Surface sulfur functionalized defects on the synergistic and competitive effects of CO2 and H2O adsorption: Density functional theory study

Heteroatom doping can significantly enhance the CO₂ adsorption capacity of carbon-based materials, but it also increases the hydrophilicity of the carbon matrix. This can lead to the competitive adsorption of CO₂ and H₂O becoming more pronounced in humid environments. In this study, the co-adsorption behaviors of H₂O and CO₂ on carbon surfaces modified with various sulfur functional groups were investigated at the molecular level using density functional theory. The adsorption mechanisms were comprehensively analyzed through IGMH, QTAIM, EDA-FF, and charge transfer analysis.
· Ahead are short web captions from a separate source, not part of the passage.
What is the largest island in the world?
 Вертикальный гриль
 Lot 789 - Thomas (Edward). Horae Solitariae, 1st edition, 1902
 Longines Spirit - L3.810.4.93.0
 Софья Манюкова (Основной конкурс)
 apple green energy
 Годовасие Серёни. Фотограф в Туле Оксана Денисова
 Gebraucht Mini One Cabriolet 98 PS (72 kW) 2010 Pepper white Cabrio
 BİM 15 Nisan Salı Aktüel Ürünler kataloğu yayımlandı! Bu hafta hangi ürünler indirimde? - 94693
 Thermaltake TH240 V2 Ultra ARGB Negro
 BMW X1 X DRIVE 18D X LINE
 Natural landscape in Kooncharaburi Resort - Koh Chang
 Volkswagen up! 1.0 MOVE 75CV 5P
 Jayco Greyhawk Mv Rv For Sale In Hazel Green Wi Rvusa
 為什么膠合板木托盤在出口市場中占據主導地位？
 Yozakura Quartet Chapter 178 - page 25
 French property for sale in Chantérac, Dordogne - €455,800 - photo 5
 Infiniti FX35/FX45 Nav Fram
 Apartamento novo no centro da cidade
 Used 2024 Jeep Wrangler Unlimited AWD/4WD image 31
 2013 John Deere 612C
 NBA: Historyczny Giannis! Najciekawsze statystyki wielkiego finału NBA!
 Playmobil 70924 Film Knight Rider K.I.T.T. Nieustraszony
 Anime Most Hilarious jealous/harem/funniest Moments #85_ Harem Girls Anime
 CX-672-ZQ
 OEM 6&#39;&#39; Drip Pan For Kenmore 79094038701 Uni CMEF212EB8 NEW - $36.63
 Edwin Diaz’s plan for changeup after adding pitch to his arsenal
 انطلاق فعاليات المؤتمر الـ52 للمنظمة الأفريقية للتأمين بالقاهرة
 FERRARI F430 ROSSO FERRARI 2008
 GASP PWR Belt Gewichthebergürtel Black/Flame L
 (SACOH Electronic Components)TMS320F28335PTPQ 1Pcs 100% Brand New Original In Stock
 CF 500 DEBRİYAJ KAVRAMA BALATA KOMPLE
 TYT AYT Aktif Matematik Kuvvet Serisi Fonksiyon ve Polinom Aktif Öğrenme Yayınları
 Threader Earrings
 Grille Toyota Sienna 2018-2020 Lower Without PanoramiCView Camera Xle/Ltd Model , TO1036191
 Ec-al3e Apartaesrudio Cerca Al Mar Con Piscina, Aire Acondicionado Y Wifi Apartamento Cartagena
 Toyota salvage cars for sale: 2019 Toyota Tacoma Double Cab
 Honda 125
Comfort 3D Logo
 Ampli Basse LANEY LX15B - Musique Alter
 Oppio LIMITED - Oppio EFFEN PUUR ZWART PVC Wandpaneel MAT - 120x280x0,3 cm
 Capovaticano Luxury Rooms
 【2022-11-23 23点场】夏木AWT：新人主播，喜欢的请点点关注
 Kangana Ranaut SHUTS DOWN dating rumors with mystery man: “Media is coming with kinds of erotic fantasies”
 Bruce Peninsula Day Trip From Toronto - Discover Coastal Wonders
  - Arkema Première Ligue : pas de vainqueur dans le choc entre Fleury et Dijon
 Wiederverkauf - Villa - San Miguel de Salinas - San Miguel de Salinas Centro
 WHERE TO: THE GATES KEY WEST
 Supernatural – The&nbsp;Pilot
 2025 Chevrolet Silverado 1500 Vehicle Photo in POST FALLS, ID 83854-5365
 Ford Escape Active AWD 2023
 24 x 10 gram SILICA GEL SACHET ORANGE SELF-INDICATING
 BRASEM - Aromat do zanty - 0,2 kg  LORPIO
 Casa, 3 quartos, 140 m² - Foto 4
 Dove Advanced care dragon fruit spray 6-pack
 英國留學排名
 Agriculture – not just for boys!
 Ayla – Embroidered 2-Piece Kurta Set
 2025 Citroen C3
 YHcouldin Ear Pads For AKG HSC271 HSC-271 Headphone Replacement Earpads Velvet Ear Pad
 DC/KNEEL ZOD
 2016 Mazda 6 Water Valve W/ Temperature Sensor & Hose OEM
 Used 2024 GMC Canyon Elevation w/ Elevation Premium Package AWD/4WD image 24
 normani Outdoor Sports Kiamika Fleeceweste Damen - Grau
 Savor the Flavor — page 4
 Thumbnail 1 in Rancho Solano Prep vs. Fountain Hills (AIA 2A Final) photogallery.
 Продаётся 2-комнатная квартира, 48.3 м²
ESP analysis revealed that the absolute values of the local maxima and minima of the water molecules’ electrostatic potential were higher than those of CO₂, indicating that water molecules exhibit greater adsorption stability and hydrogen bonding capability on highly polar functional groups. QTAIM analysis identified the specific interaction pathways and strengths between the atoms of CO₂ and H₂O, while IGMH analysis showed that the interactions between CO₂, H₂O, and the porous carbon are primarily weak van der Waals forces. EDA-FF results indicate that electrostatic and dispersive interactions are the dominant forces in the co-adsorption of CO₂ and H₂O. The enhanced adsorption stability of CO₂ in the co-adsorption system is mainly due to the additional unsaturated carbon sites created by basal defects, which significantly strengthen the van der Waals interactions of CO₂. Additionally, hydrogen bonding between CO₂ and H₂O further promotes CO₂ adsorption energy. This study underscores the critical role of sulfur functionalization in modulating adsorption behavior on carbon surfaces and provides valuable theoretical insights for designing advanced adsorbent materials capable of synergistically adsorbing multi-component gases.